── Listed entries
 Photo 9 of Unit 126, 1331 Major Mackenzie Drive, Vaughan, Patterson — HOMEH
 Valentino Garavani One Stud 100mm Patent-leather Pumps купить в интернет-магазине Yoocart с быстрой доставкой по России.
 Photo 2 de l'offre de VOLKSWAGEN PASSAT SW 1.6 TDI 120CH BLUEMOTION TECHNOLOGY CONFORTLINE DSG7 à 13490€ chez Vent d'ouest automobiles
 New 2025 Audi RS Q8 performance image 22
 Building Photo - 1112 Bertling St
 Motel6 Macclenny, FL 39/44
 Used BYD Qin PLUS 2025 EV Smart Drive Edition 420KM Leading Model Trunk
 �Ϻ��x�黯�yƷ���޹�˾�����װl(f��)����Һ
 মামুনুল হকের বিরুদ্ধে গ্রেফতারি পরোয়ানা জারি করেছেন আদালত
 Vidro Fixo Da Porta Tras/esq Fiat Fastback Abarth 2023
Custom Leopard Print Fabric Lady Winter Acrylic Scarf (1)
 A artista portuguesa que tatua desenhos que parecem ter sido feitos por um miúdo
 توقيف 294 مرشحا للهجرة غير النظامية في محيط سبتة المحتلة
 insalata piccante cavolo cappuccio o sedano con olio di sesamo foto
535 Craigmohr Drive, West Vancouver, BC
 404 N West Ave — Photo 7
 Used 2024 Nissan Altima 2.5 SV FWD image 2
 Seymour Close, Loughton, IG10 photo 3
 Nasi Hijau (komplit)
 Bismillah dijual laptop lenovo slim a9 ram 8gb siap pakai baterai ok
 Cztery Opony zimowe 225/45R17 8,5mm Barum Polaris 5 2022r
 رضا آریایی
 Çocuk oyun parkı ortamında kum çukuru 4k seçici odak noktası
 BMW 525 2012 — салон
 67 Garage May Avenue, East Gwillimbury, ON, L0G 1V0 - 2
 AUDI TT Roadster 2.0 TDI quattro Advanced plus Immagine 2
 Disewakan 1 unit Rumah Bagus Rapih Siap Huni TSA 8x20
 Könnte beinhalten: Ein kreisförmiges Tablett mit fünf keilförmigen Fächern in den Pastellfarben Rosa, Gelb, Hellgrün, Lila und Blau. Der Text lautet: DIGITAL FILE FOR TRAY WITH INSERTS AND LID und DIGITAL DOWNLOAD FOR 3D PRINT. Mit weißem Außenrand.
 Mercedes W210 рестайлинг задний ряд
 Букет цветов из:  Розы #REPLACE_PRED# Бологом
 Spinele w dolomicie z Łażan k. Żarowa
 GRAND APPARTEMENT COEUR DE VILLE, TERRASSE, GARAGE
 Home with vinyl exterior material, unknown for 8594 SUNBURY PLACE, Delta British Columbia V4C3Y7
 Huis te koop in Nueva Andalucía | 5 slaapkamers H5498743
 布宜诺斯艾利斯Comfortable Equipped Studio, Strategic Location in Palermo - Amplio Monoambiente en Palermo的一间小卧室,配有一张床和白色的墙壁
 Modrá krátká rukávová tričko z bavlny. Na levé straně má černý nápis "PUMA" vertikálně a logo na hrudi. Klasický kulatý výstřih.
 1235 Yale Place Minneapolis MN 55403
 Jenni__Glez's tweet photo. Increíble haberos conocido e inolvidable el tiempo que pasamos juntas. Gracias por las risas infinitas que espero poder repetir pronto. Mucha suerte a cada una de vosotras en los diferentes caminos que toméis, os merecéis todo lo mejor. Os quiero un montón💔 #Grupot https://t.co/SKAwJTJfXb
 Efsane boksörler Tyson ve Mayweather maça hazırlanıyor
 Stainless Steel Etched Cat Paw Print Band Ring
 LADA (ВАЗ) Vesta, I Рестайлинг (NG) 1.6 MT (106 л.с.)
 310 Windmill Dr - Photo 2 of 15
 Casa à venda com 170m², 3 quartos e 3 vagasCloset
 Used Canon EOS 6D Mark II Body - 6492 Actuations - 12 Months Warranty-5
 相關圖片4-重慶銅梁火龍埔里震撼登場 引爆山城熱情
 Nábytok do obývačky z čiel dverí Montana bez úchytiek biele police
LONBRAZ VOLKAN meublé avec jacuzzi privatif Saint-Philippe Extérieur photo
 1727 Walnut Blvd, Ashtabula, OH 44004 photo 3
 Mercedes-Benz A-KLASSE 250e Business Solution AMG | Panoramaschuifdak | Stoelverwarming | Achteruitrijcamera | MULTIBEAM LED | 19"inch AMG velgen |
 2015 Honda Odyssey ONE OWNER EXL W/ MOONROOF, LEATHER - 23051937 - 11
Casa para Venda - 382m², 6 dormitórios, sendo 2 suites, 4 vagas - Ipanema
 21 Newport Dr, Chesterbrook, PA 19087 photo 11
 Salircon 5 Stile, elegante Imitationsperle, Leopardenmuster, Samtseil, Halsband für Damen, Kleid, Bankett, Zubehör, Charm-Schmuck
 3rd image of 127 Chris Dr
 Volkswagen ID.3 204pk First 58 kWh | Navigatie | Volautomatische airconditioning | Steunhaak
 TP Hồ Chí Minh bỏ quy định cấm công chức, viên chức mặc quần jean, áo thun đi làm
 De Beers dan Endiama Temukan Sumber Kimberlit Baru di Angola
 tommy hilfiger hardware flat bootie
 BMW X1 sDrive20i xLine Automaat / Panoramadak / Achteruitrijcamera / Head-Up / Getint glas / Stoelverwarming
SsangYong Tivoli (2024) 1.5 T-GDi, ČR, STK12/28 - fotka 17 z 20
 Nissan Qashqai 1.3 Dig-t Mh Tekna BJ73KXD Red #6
────
▶ **Task item**:
Set all the entries above down again exactly.

▶ **Exercise answer**:
 Photo 9 of Unit 126, 1331 Major Mackenzie Drive, Vaughan, Patterson — HOMEH
 Valentino Garavani One Stud 100mm Patent-leather Pumps купить в интернет-магазине Yoocart с быстрой доставкой по России.
 Photo 2 de l'offre de VOLKSWAGEN PASSAT SW 1.6 TDI 120CH BLUEMOTION TECHNOLOGY CONFORTLINE DSG7 à 13490€ chez Vent d'ouest automobiles
 New 2025 Audi RS Q8 performance image 22
 Building Photo - 1112 Bertling St
 Motel6 Macclenny, FL 39/44
 Used BYD Qin PLUS 2025 EV Smart Drive Edition 420KM Leading Model Trunk
 �Ϻ��x�黯�yƷ���޹�˾�����װl(f��)����Һ
 মামুনুল হকের বিরুদ্ধে গ্রেফতারি পরোয়ানা জারি করেছেন আদালত
 Vidro Fixo Da Porta Tras/esq Fiat Fastback Abarth 2023
Custom Leopard Print Fabric Lady Winter Acrylic Scarf (1)
 A artista portuguesa que tatua desenhos que parecem ter sido feitos por um miúdo
 توقيف 294 مرشحا للهجرة غير النظامية في محيط سبتة المحتلة
 insalata piccante cavolo cappuccio o sedano con olio di sesamo foto
535 Craigmohr Drive, West Vancouver, BC
 404 N West Ave — Photo 7
 Used 2024 Nissan Altima 2.5 SV FWD image 2
 Seymour Close, Loughton, IG10 photo 3
 Nasi Hijau (komplit)
 Bismillah dijual laptop lenovo slim a9 ram 8gb siap pakai baterai ok
 Cztery Opony zimowe 225/45R17 8,5mm Barum Polaris 5 2022r
 رضا آریایی
 Çocuk oyun parkı ortamında kum çukuru 4k seçici odak noktası
 BMW 525 2012 — салон
 67 Garage May Avenue, East Gwillimbury, ON, L0G 1V0 - 2
 AUDI TT Roadster 2.0 TDI quattro Advanced plus Immagine 2
 Disewakan 1 unit Rumah Bagus Rapih Siap Huni TSA 8x20
 Könnte beinhalten: Ein kreisförmiges Tablett mit fünf keilförmigen Fächern in den Pastellfarben Rosa, Gelb, Hellgrün, Lila und Blau. Der Text lautet: DIGITAL FILE FOR TRAY WITH INSERTS AND LID und DIGITAL DOWNLOAD FOR 3D PRINT. Mit weißem Außenrand.
 Mercedes W210 рестайлинг задний ряд
 Букет цветов из:  Розы #REPLACE_PRED# Бологом
 Spinele w dolomicie z Łażan k. Żarowa
 GRAND APPARTEMENT COEUR DE VILLE, TERRASSE, GARAGE
 Home with vinyl exterior material, unknown for 8594 SUNBURY PLACE, Delta British Columbia V4C3Y7
 Huis te koop in Nueva Andalucía | 5 slaapkamers H5498743
 布宜诺斯艾利斯Comfortable Equipped Studio, Strategic Location in Palermo - Amplio Monoambiente en Palermo的一间小卧室,配有一张床和白色的墙壁
 Modrá krátká rukávová tričko z bavlny. Na levé straně má černý nápis "PUMA" vertikálně a logo na hrudi. Klasický kulatý výstřih.
 1235 Yale Place Minneapolis MN 55403
 Jenni__Glez's tweet photo. Increíble haberos conocido e inolvidable el tiempo que pasamos juntas. Gracias por las risas infinitas que espero poder repetir pronto. Mucha suerte a cada una de vosotras en los diferentes caminos que toméis, os merecéis todo lo mejor. Os quiero un montón💔 #Grupot https://t.co/SKAwJTJfXb
 Efsane boksörler Tyson ve Mayweather maça hazırlanıyor
 Stainless Steel Etched Cat Paw Print Band Ring
 LADA (ВАЗ) Vesta, I Рестайлинг (NG) 1.6 MT (106 л.с.)
 310 Windmill Dr - Photo 2 of 15
 Casa à venda com 170m², 3 quartos e 3 vagasCloset
 Used Canon EOS 6D Mark II Body - 6492 Actuations - 12 Months Warranty-5
 相關圖片4-重慶銅梁火龍埔里震撼登場 引爆山城熱情
 Nábytok do obývačky z čiel dverí Montana bez úchytiek biele police
LONBRAZ VOLKAN meublé avec jacuzzi privatif Saint-Philippe Extérieur photo
 1727 Walnut Blvd, Ashtabula, OH 44004 photo 3
 Mercedes-Benz A-KLASSE 250e Business Solution AMG | Panoramaschuifdak | Stoelverwarming | Achteruitrijcamera | MULTIBEAM LED | 19"inch AMG velgen |
 2015 Honda Odyssey ONE OWNER EXL W/ MOONROOF, LEATHER - 23051937 - 11
Casa para Venda - 382m², 6 dormitórios, sendo 2 suites, 4 vagas - Ipanema
 21 Newport Dr, Chesterbrook, PA 19087 photo 11
 Salircon 5 Stile, elegante Imitationsperle, Leopardenmuster, Samtseil, Halsband für Damen, Kleid, Bankett, Zubehör, Charm-Schmuck
 3rd image of 127 Chris Dr
 Volkswagen ID.3 204pk First 58 kWh | Navigatie | Volautomatische airconditioning | Steunhaak
 TP Hồ Chí Minh bỏ quy định cấm công chức, viên chức mặc quần jean, áo thun đi làm
 De Beers dan Endiama Temukan Sumber Kimberlit Baru di Angola
 tommy hilfiger hardware flat bootie
 BMW X1 sDrive20i xLine Automaat / Panoramadak / Achteruitrijcamera / Head-Up / Getint glas / Stoelverwarming
SsangYong Tivoli (2024) 1.5 T-GDi, ČR, STK12/28 - fotka 17 z 20
 Nissan Qashqai 1.3 Dig-t Mh Tekna BJ73KXD Red #6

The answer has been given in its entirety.